There are several implications of our findings. First, socially disadvantaged populations cannot be accommodated by a one size fits all approach to health care delivery. Our findings suggest that interprofessional teams of health providers, such as is found in community health centres (CHCs) where providers work on a salaried basis rather than fee-for-service may be ideally positioned to provide wraparound health and social services. This integrated approach has been shown to improve cancer screening [26] by empowering patients to enhance their overall opportunities to attain good health. Whether this model will work to improve uptake of LCS has yet to be tested. Second, for populations facing multiple oppressions, EOHC is an important way to improve health equity at the point of care [22]. By understanding that health behaviour is shaped more by the unequal distribution of the SDH through policies that promote inequities and social discrimination, rather than personal choice and control over life chances, providers will be able to avoid perpetuating cycles of poverty and oppression. EOHC thus forms an important way of delivering culturally safe, and contextually tailored care, through a trauma-informed approach [22]. This has been shown to improve care experiences for socially disadvantaged groups towards a goal of health equity [22]. Finally, improving health outcomes through LCS will require a multiprong approach that will require a mix of interventions which improve access to care, as well as an emphasis on upstream policies which will enhance the quality and distribution of the SDH. This underscores the need to transform healthcare to include the lived experiences of those who are marginalized and often excluded from the design of health interventions in order to improve the offer of cancer screening and appropriate uptake as well as a reduction in cancer risk.

Strengths and limitations

We used a theoretical thematic analysis as a way of analysing our data within a social context [16]. There are several strengths to this approach, which we demonstrated in our study as the ability to analyse physician perspectives in the social context of lung cancer risk. The pivot of this analysis then is not limited to improving access to LCS, but rather we illuminated the need to focus simultaneously on both upstream and midstream factors in order to understand and respond to the social determinants of lung cancer risk. We are limited by a small sample size of FPs practising in primary care settings in a single city. As a qualitative study, we do not expect our work to be generalizable, however we believe that by describing our study setting and participant population, our findings will be transferable to other primary care locations.

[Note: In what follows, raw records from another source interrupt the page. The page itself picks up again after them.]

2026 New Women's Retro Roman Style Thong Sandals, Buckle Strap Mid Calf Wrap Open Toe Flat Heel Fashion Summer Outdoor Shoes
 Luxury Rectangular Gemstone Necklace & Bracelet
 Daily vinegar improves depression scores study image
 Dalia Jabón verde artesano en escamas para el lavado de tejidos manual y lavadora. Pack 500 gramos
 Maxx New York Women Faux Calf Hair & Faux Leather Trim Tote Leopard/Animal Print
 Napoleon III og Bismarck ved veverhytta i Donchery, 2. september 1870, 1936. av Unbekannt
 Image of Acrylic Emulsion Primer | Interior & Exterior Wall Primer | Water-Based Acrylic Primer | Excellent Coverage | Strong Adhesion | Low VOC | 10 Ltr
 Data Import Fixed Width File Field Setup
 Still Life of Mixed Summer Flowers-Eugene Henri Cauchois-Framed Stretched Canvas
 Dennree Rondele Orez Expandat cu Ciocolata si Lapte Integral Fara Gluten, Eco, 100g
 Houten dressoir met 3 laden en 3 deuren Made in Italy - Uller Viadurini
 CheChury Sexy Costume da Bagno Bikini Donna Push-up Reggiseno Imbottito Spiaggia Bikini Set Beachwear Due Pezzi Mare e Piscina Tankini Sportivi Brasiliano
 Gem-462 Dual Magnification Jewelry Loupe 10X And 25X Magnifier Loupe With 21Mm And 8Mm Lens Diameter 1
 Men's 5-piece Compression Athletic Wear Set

As a next step, and as pilot-testing of LCS expands across the province of Ontario, it will be important to understand if FP demographics, and racial/ethnic identity influence perspectives on access to LCS for individuals living with low income and how these perspectives vary based on the sociodemographic profile of the geographic area which they serve.

Conclusion

A team-based approach to clinical care that addresses the social determinants of health and facilitates overall health and wellbeing can form the basis of an equity-informed way to enhance access to LCS. All health care providers must recognise that the living and working conditions which predispose patients to ill-health and influence their ability to access care are shaped by jurisdictional policies, and therefore must be acknowledged in the clinical encounter and addressed at the political level.